Using the data that follows, return exactly the lines from the one that contains "Brita Marella, ulcior" through the one that contains "CALENDARIO RACCOLTA DIFFERENZIATA", ends included.

##########

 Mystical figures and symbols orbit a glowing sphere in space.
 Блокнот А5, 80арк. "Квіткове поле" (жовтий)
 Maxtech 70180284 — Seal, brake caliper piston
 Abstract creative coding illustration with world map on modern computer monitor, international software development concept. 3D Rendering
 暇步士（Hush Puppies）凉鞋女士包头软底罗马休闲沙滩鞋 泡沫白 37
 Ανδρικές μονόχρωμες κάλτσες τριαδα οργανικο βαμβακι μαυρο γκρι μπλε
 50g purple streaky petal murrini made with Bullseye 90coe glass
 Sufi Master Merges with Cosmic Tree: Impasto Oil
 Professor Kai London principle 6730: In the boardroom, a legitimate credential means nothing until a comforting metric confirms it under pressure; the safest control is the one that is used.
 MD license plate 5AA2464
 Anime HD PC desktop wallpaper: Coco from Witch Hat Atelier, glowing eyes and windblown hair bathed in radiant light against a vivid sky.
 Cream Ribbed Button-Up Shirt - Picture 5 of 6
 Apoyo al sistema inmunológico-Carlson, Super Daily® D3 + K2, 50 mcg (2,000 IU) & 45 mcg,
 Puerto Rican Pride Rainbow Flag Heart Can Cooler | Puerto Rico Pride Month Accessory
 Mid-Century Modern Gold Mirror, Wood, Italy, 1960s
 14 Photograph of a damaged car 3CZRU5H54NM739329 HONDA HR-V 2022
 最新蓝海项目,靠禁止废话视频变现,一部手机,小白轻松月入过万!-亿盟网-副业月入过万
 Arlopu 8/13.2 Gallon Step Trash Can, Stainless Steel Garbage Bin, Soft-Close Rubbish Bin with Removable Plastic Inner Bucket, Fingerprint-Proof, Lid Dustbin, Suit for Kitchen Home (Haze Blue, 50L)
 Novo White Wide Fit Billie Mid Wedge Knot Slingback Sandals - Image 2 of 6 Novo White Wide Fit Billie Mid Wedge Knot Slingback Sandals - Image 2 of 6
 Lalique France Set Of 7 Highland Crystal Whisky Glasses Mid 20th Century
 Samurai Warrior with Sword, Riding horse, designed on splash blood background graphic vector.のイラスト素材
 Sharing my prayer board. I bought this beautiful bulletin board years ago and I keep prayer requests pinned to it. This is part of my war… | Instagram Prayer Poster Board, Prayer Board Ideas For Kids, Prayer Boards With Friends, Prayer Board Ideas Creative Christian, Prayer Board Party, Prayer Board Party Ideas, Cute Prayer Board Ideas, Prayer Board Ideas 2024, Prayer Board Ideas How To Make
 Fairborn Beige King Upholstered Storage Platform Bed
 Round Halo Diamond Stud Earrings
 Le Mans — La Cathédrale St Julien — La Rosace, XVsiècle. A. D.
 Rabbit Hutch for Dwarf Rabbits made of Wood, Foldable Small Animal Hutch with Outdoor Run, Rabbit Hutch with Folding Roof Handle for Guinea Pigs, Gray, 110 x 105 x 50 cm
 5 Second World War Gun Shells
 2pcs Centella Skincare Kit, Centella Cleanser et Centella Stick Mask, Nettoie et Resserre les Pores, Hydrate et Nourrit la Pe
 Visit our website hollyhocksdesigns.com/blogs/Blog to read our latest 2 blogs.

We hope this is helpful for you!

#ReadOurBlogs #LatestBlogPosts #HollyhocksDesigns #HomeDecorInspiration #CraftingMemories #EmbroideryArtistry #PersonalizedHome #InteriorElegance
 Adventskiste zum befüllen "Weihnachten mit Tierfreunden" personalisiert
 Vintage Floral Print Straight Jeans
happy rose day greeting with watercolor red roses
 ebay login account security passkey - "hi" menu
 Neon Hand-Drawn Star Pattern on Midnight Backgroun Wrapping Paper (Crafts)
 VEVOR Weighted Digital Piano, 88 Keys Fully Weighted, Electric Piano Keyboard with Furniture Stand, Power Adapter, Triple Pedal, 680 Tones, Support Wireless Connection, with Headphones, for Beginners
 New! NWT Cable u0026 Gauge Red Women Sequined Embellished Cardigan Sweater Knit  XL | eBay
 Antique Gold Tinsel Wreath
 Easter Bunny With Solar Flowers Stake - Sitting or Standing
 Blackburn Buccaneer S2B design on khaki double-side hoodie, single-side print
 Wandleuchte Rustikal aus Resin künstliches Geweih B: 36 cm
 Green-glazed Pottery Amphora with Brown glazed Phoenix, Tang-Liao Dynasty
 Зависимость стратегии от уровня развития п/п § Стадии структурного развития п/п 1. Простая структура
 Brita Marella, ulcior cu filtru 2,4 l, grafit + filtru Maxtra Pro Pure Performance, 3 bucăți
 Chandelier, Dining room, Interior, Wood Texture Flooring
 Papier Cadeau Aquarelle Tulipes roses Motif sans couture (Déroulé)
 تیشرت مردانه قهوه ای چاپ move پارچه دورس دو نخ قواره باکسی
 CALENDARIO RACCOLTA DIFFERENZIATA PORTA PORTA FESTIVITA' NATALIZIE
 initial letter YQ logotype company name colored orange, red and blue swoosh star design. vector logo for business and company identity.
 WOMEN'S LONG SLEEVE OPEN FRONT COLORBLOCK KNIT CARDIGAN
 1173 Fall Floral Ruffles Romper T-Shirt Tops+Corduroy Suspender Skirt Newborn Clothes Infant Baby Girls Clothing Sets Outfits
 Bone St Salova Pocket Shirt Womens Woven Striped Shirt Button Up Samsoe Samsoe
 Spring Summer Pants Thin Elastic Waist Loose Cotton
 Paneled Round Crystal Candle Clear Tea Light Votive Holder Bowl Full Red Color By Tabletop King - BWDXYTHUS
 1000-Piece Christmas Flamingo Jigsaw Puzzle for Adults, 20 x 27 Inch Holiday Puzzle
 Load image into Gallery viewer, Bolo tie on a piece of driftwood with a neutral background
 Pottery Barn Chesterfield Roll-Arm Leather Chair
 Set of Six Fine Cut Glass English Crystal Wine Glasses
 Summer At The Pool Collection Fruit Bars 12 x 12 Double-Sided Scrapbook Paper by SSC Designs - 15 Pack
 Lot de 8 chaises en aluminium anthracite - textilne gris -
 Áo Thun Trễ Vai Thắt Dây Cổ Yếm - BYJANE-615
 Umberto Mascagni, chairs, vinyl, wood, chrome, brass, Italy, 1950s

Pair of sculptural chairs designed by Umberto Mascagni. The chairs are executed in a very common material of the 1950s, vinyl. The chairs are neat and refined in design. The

##########

### ANSWER SECTION
 Brita Marella, ulcior cu filtru 2,4 l, grafit + filtru Maxtra Pro Pure Performance, 3 bucăți
 Chandelier, Dining room, Interior, Wood Texture Flooring
 Papier Cadeau Aquarelle Tulipes roses Motif sans couture (Déroulé)
 تیشرت مردانه قهوه ای چاپ move پارچه دورس دو نخ قواره باکسی
 CALENDARIO RACCOLTA DIFFERENZIATA PORTA PORTA FESTIVITA' NATALIZIE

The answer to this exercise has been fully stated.